1. The average price of WTI in 2021 will be between $50/bbl and $55/bbl.

Oil prices are notoriously difficult to predict in the best of circumstances due to the unpredictability of OPEC. It’s a more complex relationship than simple supply and demand, because you have to try to factor in what OPEC might do.

Add in the Covid-19 pandemic and subsequent recovery, and we have seen an extreme roller coaster of oil prices over the past two years. At the beginning of the year, I said that if there was a resurgence of the pandemic and new travel restrictions, that could send the price of oil tumbling.

The year opened with the price of West Texas Intermediate (WTI) below $50/bbl. However, I expected it to rise as the economy continued to recover from the pandemic.

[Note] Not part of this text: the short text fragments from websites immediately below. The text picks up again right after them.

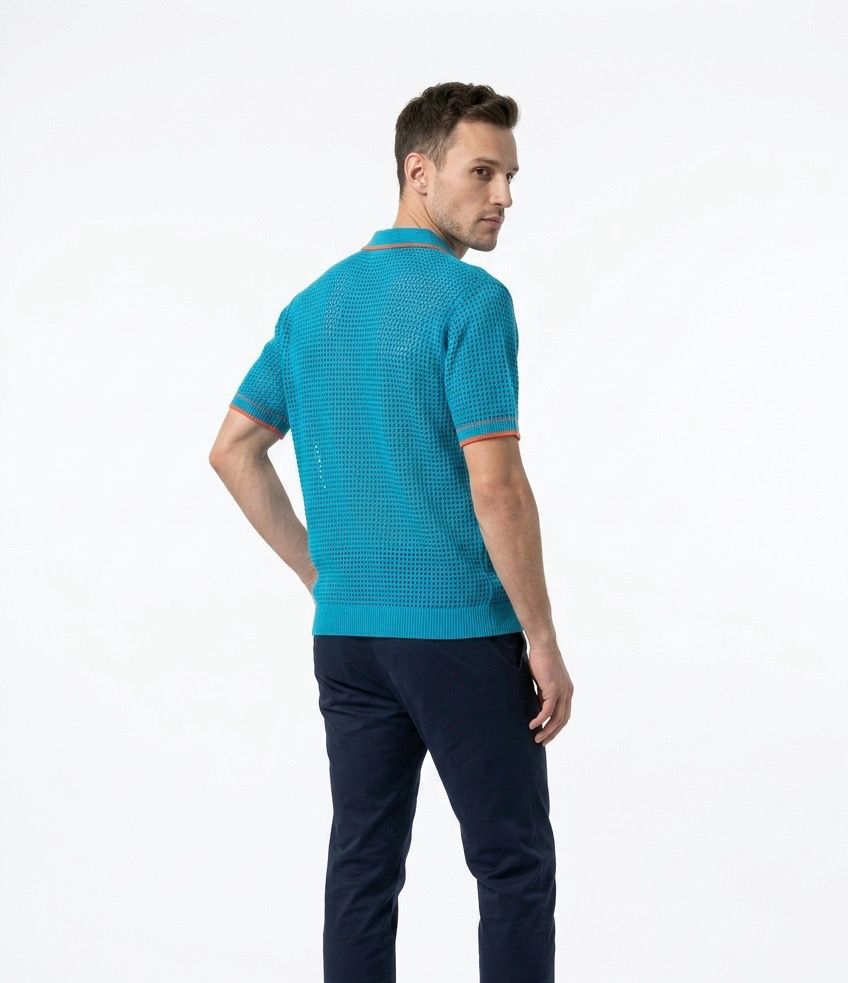 KOVA Textured Knit Polo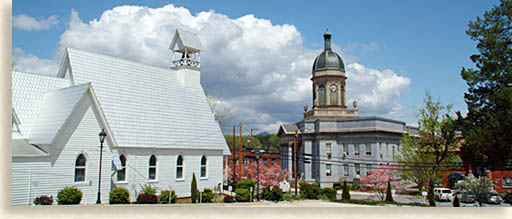 Cherokee County Courthouse and Episcopal Church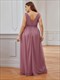 Double V Neck Maxi Long Plus Size Evening Dresses For Party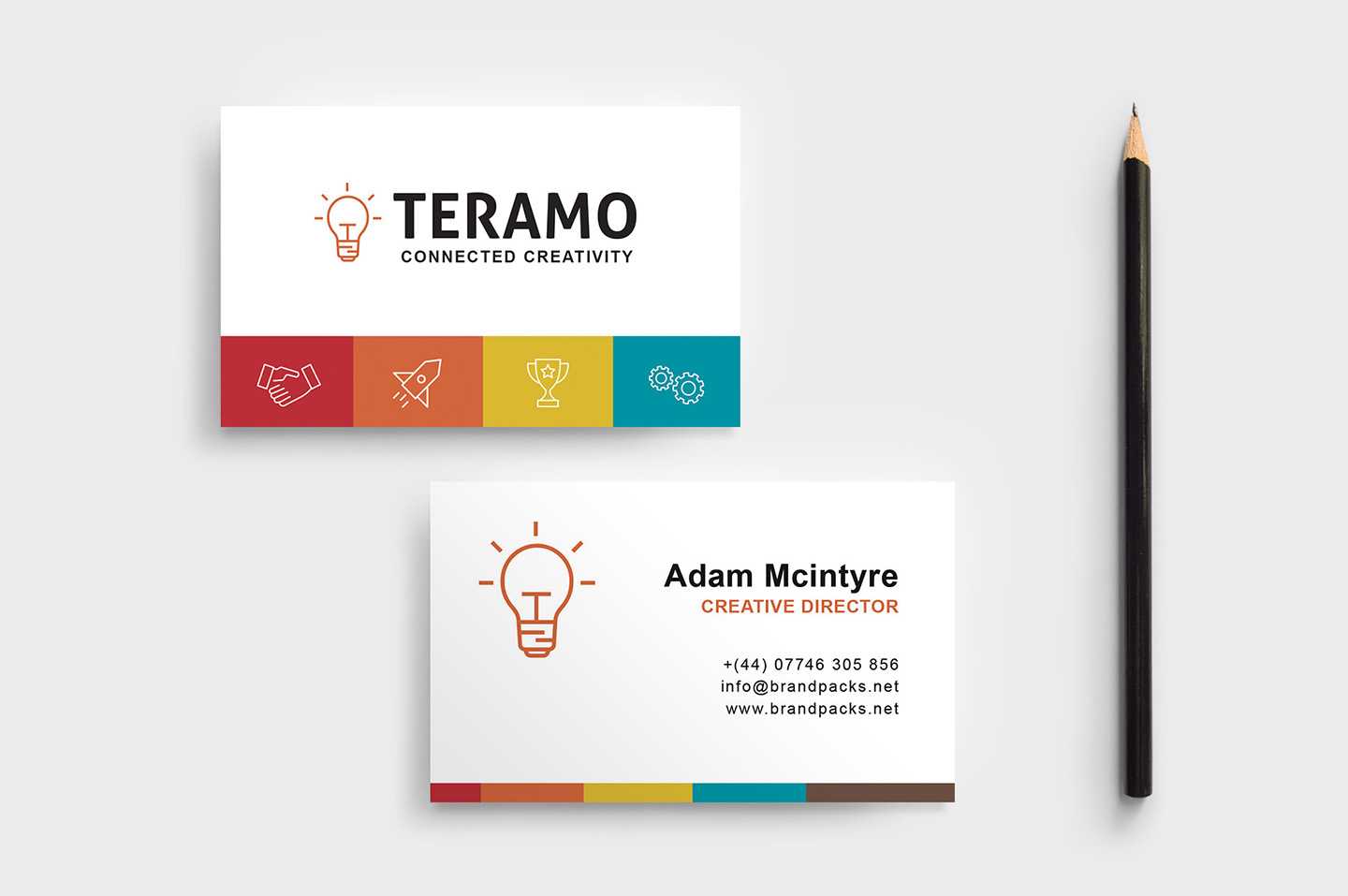 Free Business Card Template In Psd, Ai & Vector – Brandpacks Pertaining To Psd Name Card Template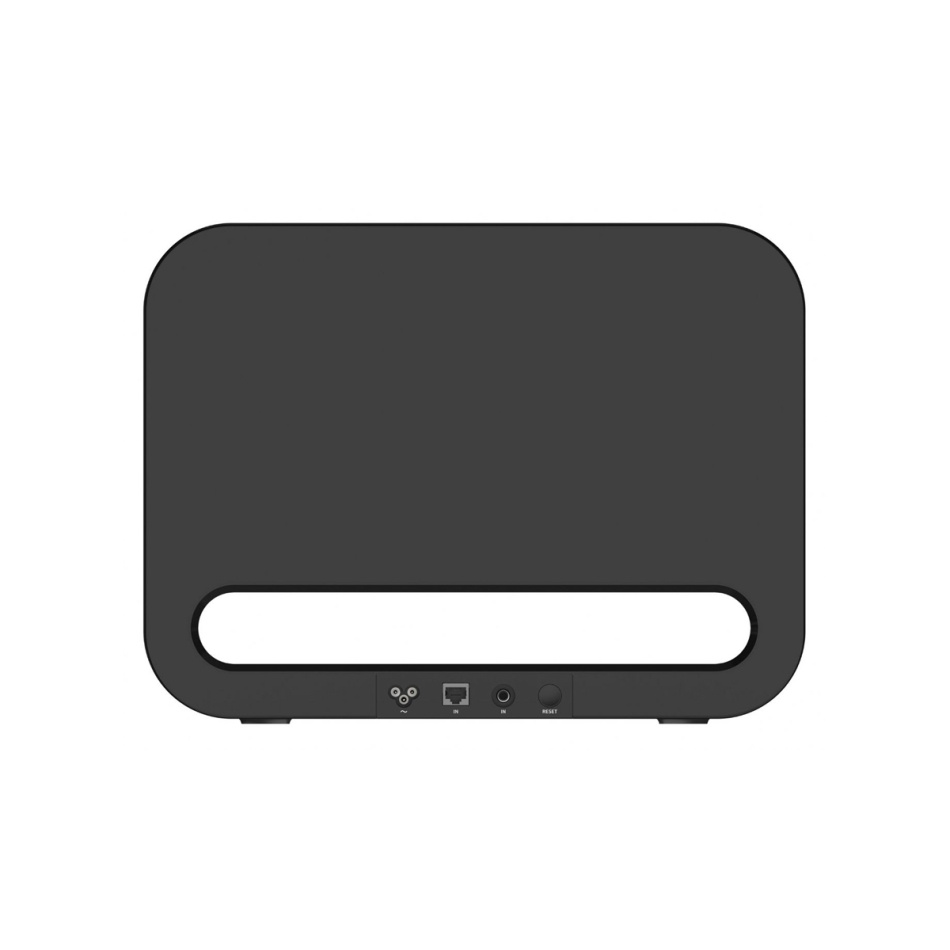 WiiM Sub Pro kompakt trådløs subwoofer, svart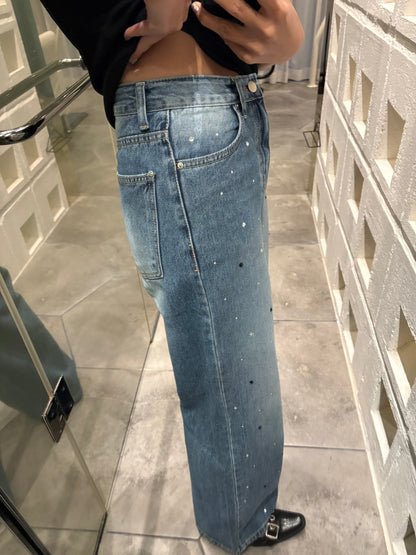 Front mini beans jeans #00769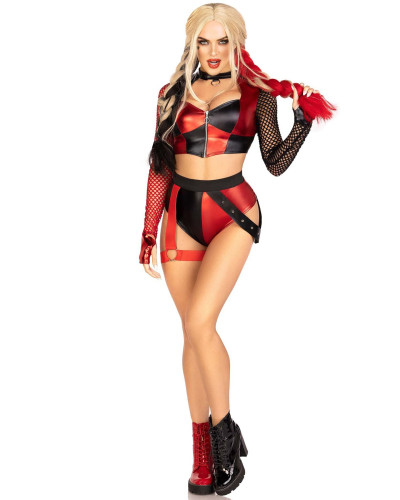 Эротический костюм Leg Avenue Crime Spree Sweetie Costume XS, топ, шорты - Фото №3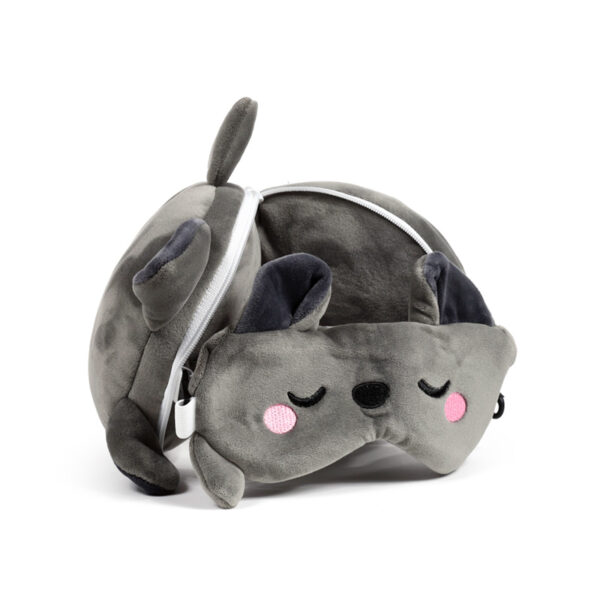 Relaxeazzz Travel Pillow & Eye Mask - Adoramals Dexter the Bat - Image 3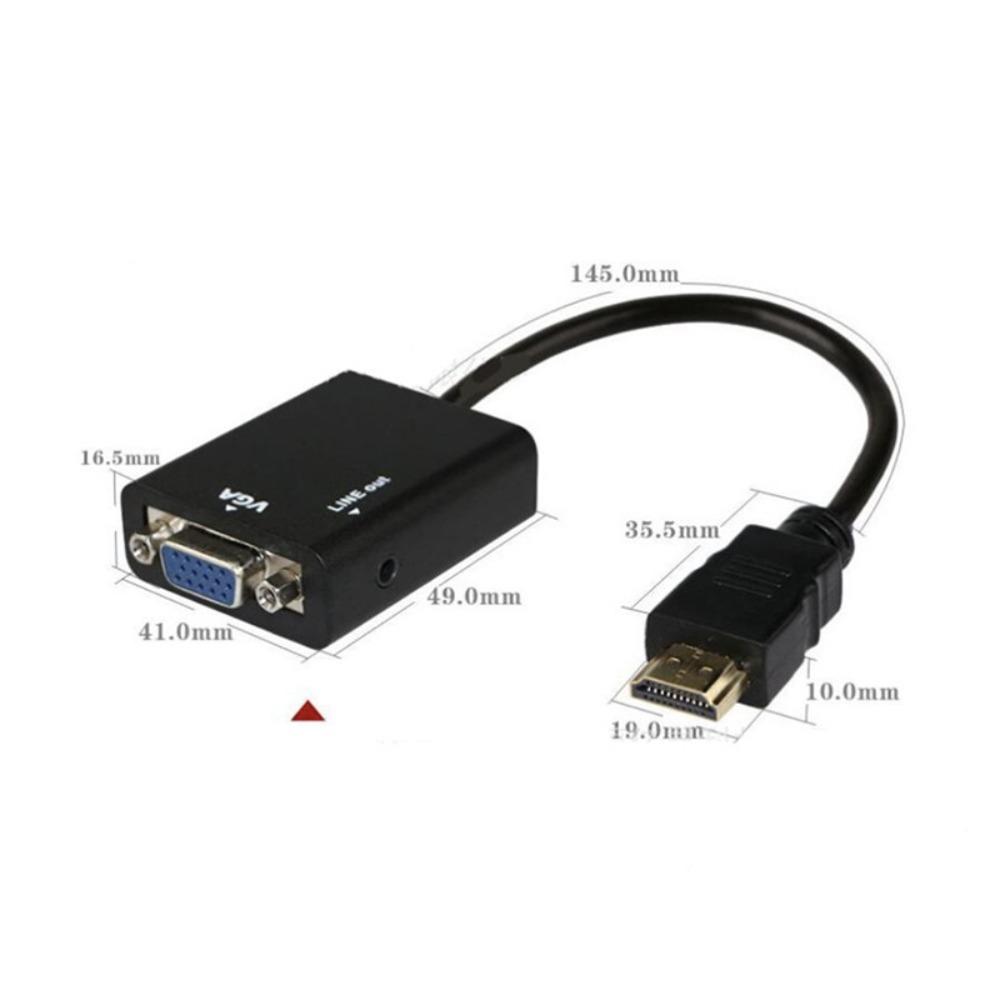 Переходной кабель HDMI-VGA Конвертер HDMI-VGA Plug and Play Blu-ray DVD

Demand recovered strongly, but the problem was that supply didn’t recover as strongly. So the oil market developed an imbalance, and prices went well above my prediction.

Through December 13, data from the Energy Information Administration (EIA) shows that the average spot price for WTI in 2021 has been $67.86. However, the price briefly exceeded $85 this year, and is presently still above $70.

I thought oil prices would rise, and that was correct. I just didn’t expect them to rise as much as they did. This prediction was wrong (OIL).

2. Total U.S. oil production will decline for the second straight year.

Because of the Covid-19 pandemic, U.S. oil production plummeted in the second half of 2020. Production in 2019 had averaged 12.2 million barrels per day (BPD), but that tumbled to 11.3 million BPD in 2020.

U.S. production has been on the rise in recent months in response to higher oil prices. Data from the EIA shows that oil production has risen for three straight months, and is presently at 11.6 million BPD. However, eight of twelve months this year recorded production below last year’s average, so annual production will indeed be lower this year at approximately 11.1 million BPD.

This prediction was accurate.

3. The average natural gas price will be at least 25% higher than it was in 2020.

The average Henry Hub natural gas spot price for 2020 was $2.03/MMBtu, which was the lowest annual average since the EIA began tracking that data in 1997 (UNG).

Falling oil production means a decline in natural gas supplies that are associated with that oil production. That tightens up supplies, which was a factor in the subsequent recovery of natural gas prices in late 2020. I predicted that prices would be at least 25% higher — averaging above $2.50/MMBtu — in 2021.

Through November, EIA data shows the average Henry Hub price of natural gas was $3.92/MMBtu.

This prediction was accurate, but too conservative in hindsight.

4. U.S. oil imports will increase in 2021.

I based this prediction on my expectation of a recovery in oil demand, but not a complete recovery in supply. That means that imports would have to fill the shortfall.

That turned out to be the case. U.S. imports of crude oil and finished products like gasoline averaged 7.9 million BPD in 2020. This year that average has jumped to 8.5 million BPD, after rising as high as 9.3 million BPD in June.

This prediction was accurate (and is still accurate if we restrict the view to crude oil imports only).

5. ConocoPhillips will have a total return of at least 30%.

I generally like to close with a prediction on ConocoPhillips (COP), which is the world’s largest publicly traded, pure oil and gas producer.

In 2020 I predicted it would return 20% on the year. The company was positioned to have a good year before the pandemic caused oil demand to collapse. So I missed the mark in 2020.

But I still felt like the company was well-positioned to profit based on my expectation of higher oil prices. So I doubled down and raised my prediction to a 30% return for 2021.

Again, that turned out to be a conservative prediction. The company’s significant exposure to natural gas was icing on the cake as prices skyrocketed higher. Year-to-date, ConocoPhillips shares are up 79%.

I got four out of five right this year, but I was too conservative on some that I did get right. But I was also directionally correct on the one prediction I missed. I would give myself maybe a B on this year’s predictions.